According to the present invention, the fluctuation range of the heat absorption amount of the large boiler furnace wall due to coal combustion can be reduced by controlling the excess air ratio. As a result, the amount of the superheater spray for securing the degree of superheat could be reduced, and the cost was reduced.

[Brief description of the drawings]

FIG. 1 is a diagram illustrating an example of setting an excess air ratio with respect to a load according to an embodiment of the present invention.

FIG. 2 is a view showing heat transfer characteristics in a furnace when burning low-fuel-ratio coal types.

FIG. 3 is a diagram showing an enthalpy-pressure diagram of each heat exchanger in the variable-pressure once-through boiler.

FIG. 4 is a diagram showing a setting example of an excess air ratio with respect to a load in the related art.

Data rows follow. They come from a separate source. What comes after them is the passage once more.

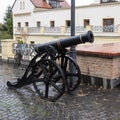 Decorative cannon in front of The State Philharmonics Sibiu - Thalia Concert Hall in the Cetatii street in a rainy day. Sibiu city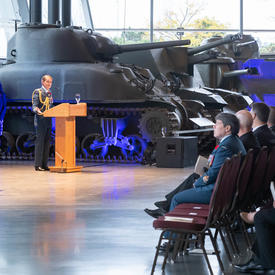  The governor general stands in front of a podium and addresses the crowd, largely in military uniform.  A tank is   behind her, in the background. 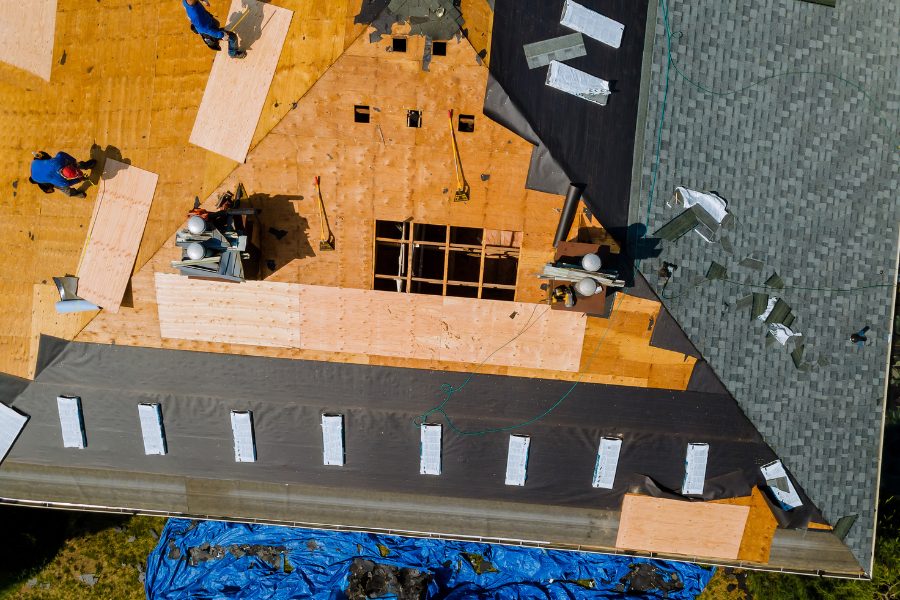 A professional roofing crew removes old asphalt shingles and installs a new roof.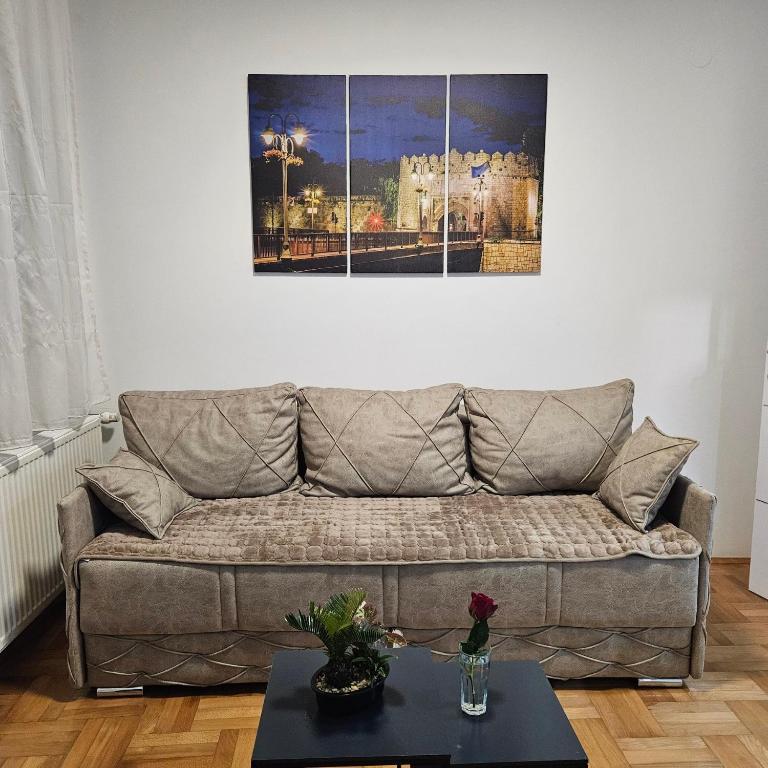 a living room with a couch and a picture on the wall at ONLY 4 YOU apartment in Niš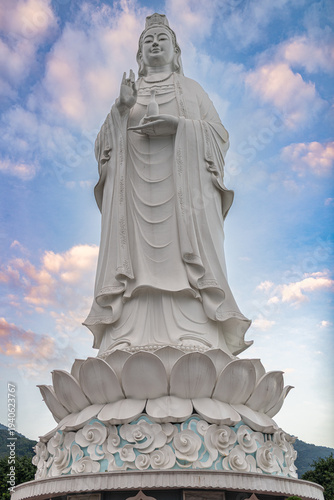 White quan am bodhisattva statue stands on a lotus base against a cloudy sky at linh ung pagoda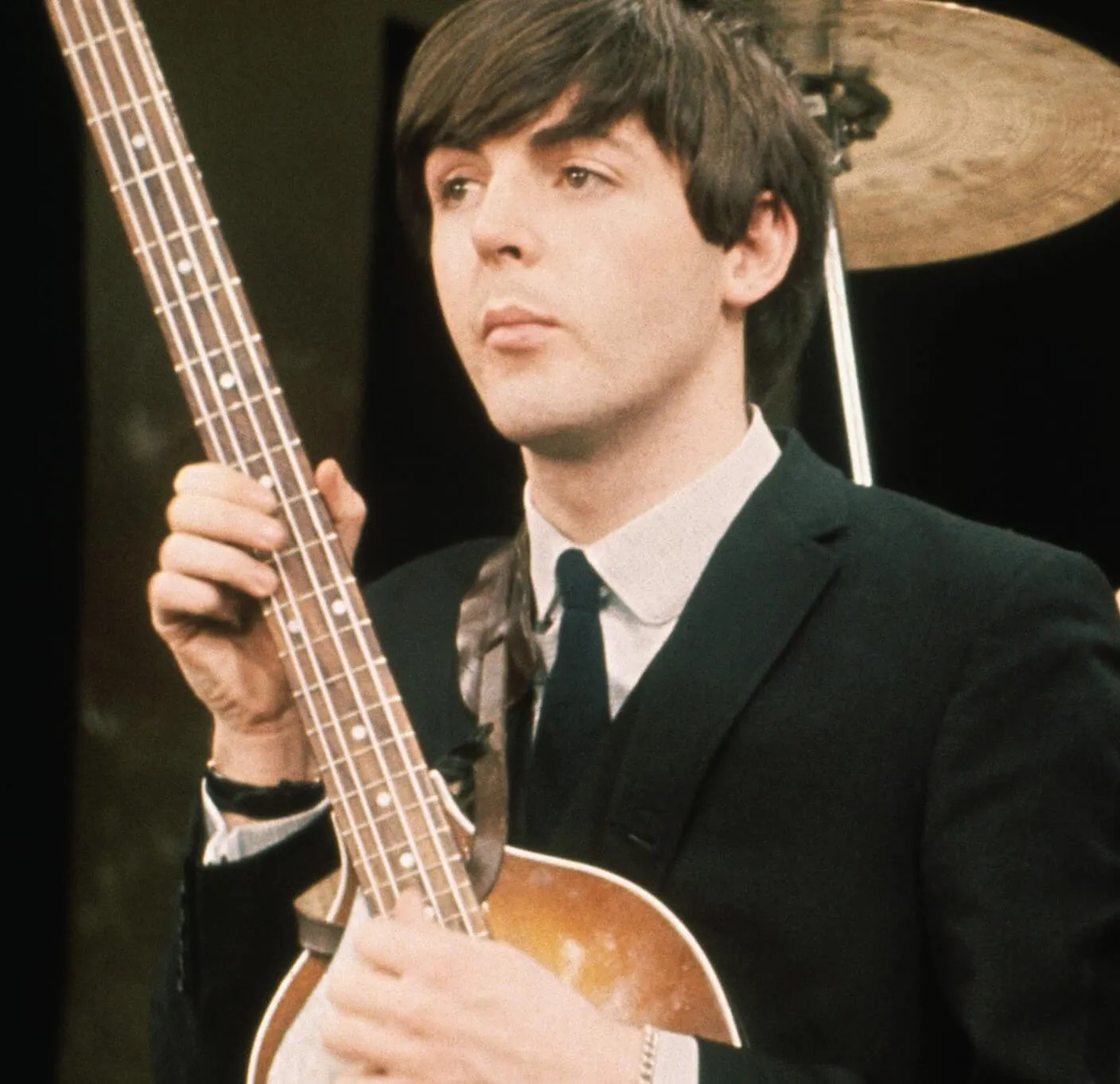 Rock star Paul McCartney playing songs with a guitar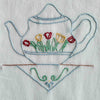 Close-up of blue teapot embroidery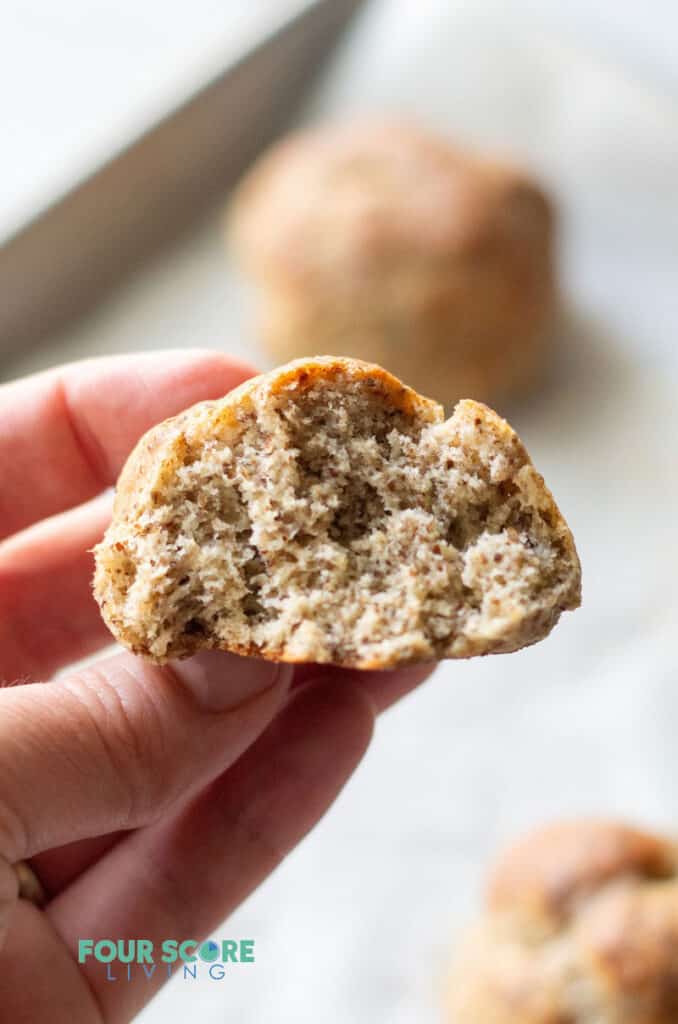 hand holding a keto roll with a bite out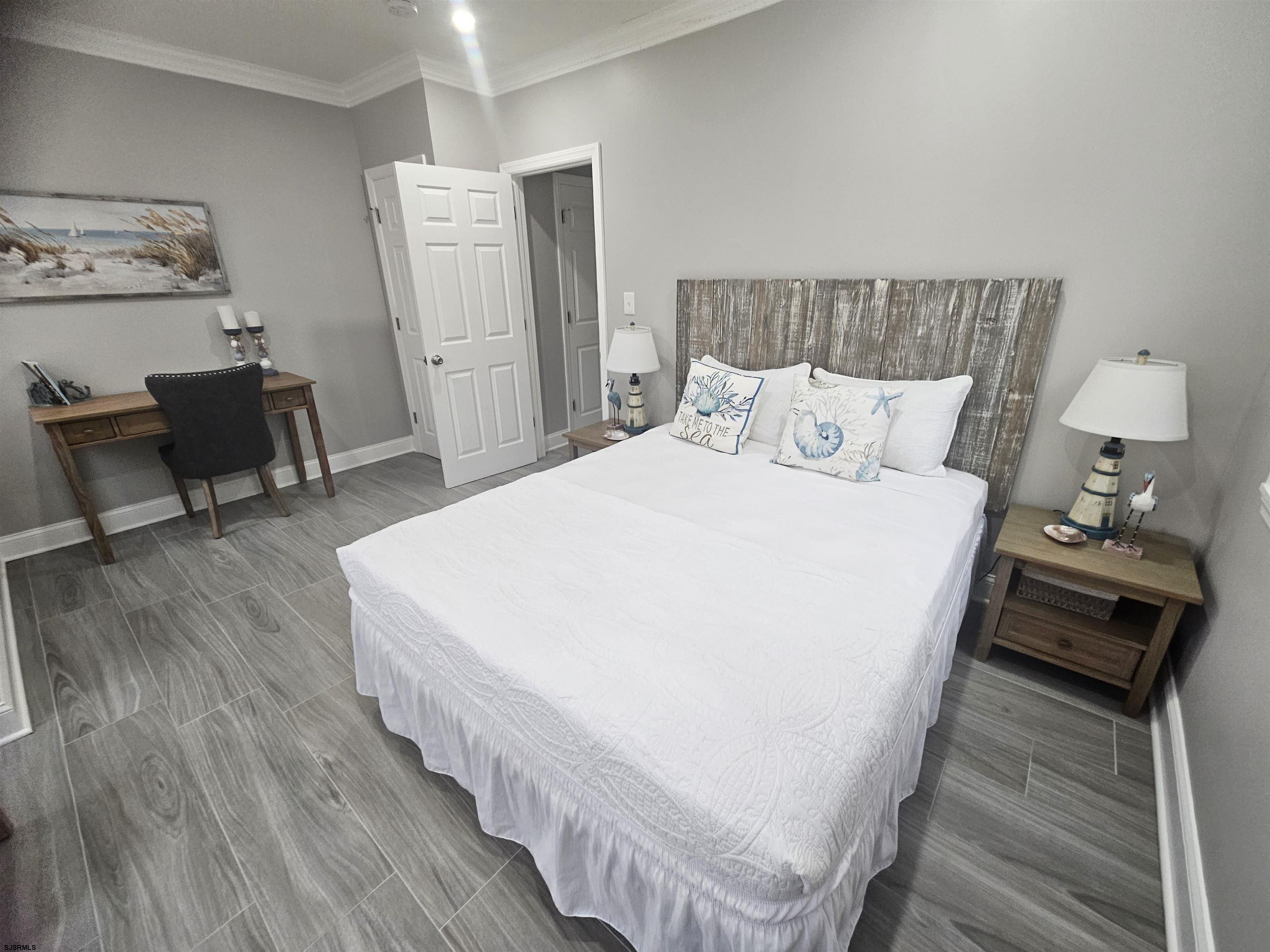 4009 Ventnor, Unit 2 Atlantic City, NJ 08401 - Photo 29 of 32 a bedroom with a bed and wooden floor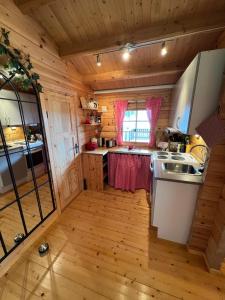 a kitchen in a log cabin with a sink at Nordlands hytta in Meby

FIG. 5 is a system diagram of a variable-pressure once-through boiler.

[Explanation of symbols]

REFERENCE SIGNS LIST 1 feed water pump 2 feed water heater 3 economizer 4 boiler furnace wall 5 primary superheater 6 secondary superheater 7 tertiary superheater 8 high pressure turbine 9 primary reheater 10 secondary reheater 11 medium pressure turbine 12 condenser 13 Steam separator 14 Superheater overheat reducer 15 Reheater overheat reducer 16 Switching valve 17 Superheater injection flow control valve 18 Reheater injection flow control valve

 ────────────────────────────────────────────────── ─── Continuing on the front page (72) Inventor Shigeki Morita 6-9 Takara-cho, Kure-shi, Hiroshima Babcock Hitachi Kure Factory F-term (reference) 3K003 AA03 AC01 CA05 DA05 3K046 AA02 AB01 BA01 EA05 FA06 3K091 BB02 CC13 CC24 DD02 3L021 AA04 BA01 CA10 DA25 DA26 EA01 FA13

Claims (4)

[Claims] 1. A method of operating a once-through boiler apparatus, wherein an excess air ratio in a subcritical region of a partial load is controlled in accordance with a preset program for each type of coal used as fuel. 2. The once-through flow according to claim 1, wherein the used fuel coal is divided into groups by a fuel ratio which is a function of a fixed carbon content and a volatile content, and an excess air ratio is set for each group. Operating method of boiler device. 3. The method according to claim 2, wherein the excess air ratio during combustion for each coal type is individually programmed by a function based on the fixed carbon content, volatile content, and ash content in the fuel used. The method for operating the once-through boiler device according to claim 1. 4. The fuel used is divided into at least two or more groups according to the size of the fuel ratio, and coal having a low fuel ratio increases the excess air ratio, and coal having a high fuel ratio decreases the excess air ratio. The method for operating the once-through boiler device according to claim 2.